Segment Start: Records provided
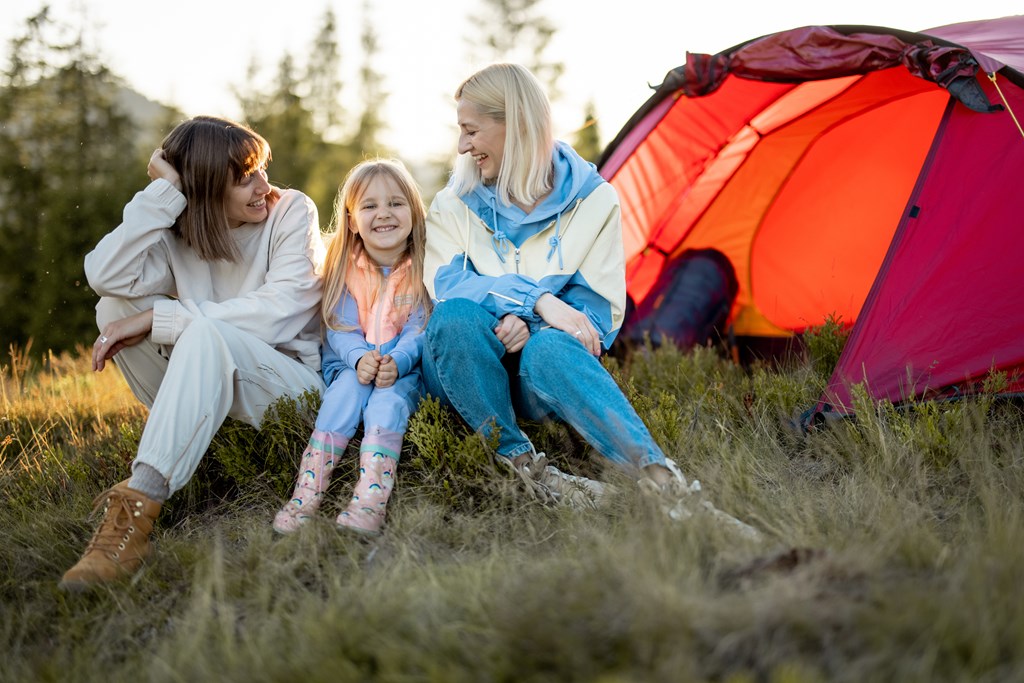 Two women camping with their little girl.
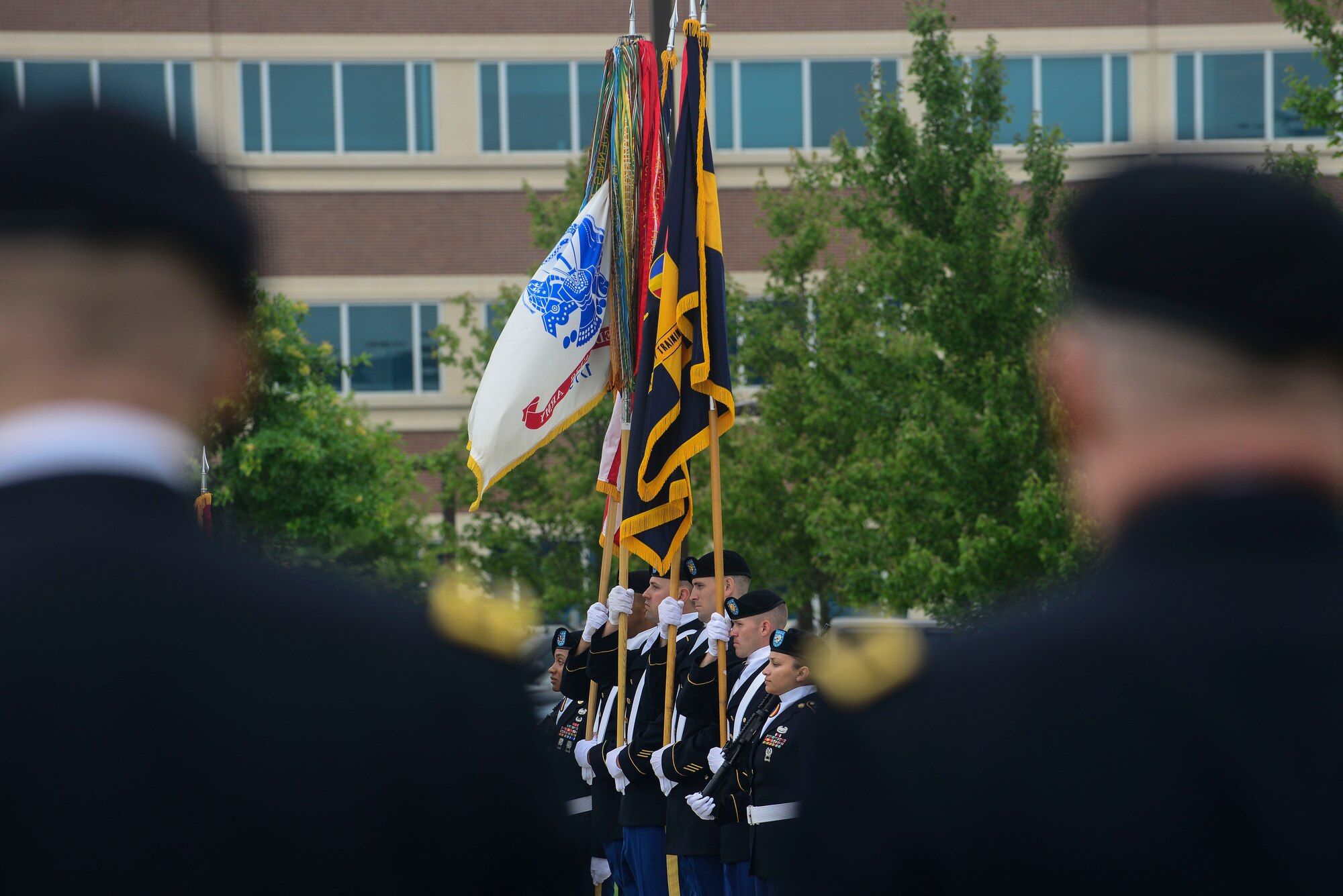 U.S. Army Soldiers present the colors at the Center for Initial Military Training change of command and retirement ceremony at Fort Eustis, Va., July 2, 2015. During the ceremony Maj. Gen. Ross E. Ridge, CIMT outgoing commander, relinquished command to Maj. Gen. Anthony Funkhouser, CIMT commander. Ridge was with CIMT for two of his 35 years of service. (U.S. Air Force photo by Senior Airman Kimberly Nagle/Released)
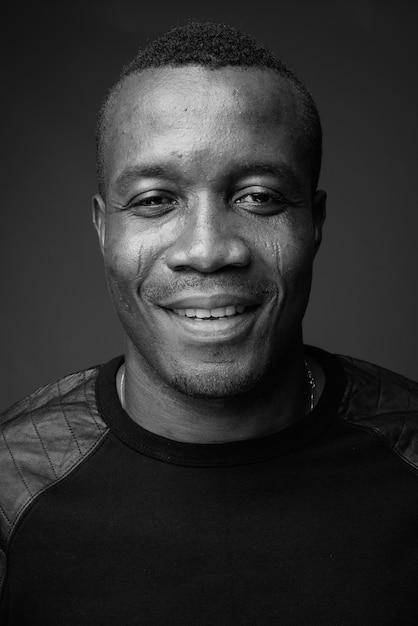 Foto joven africano con camisa negra de manga larga contra la pared gris. en blanco y negro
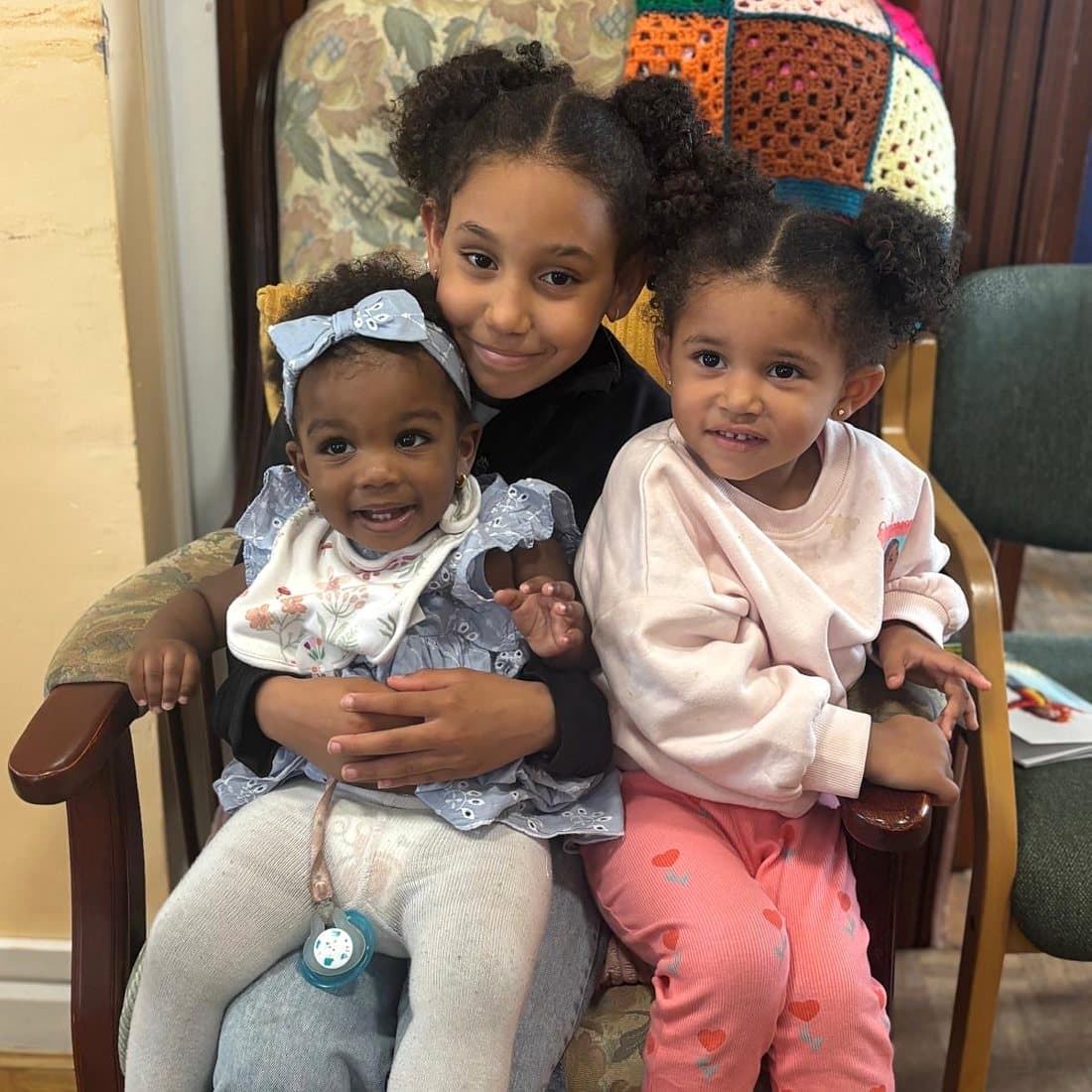 Three smiling little girls sitting together on a chair at church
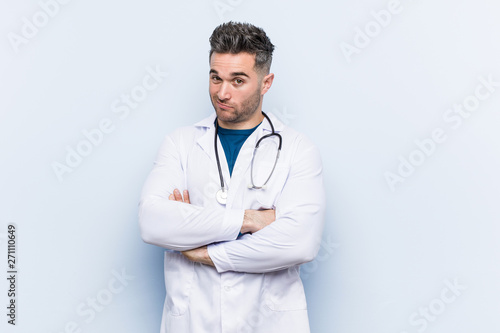 Young handsome doctor man unhappy looking in camera with sarcastic expression.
Segment End: Records provided
● **Task statement**
Restate, word for word, each line from the one with "Foto joven africano" to the end of the entries, both included, and keep every picture out.

● **Written reply**
 Foto joven africano con camisa negra de manga larga contra la pared gris. en blanco y negro
 Three smiling little girls sitting together on a chair at church
 Young handsome doctor man unhappy looking in camera with sarcastic expression.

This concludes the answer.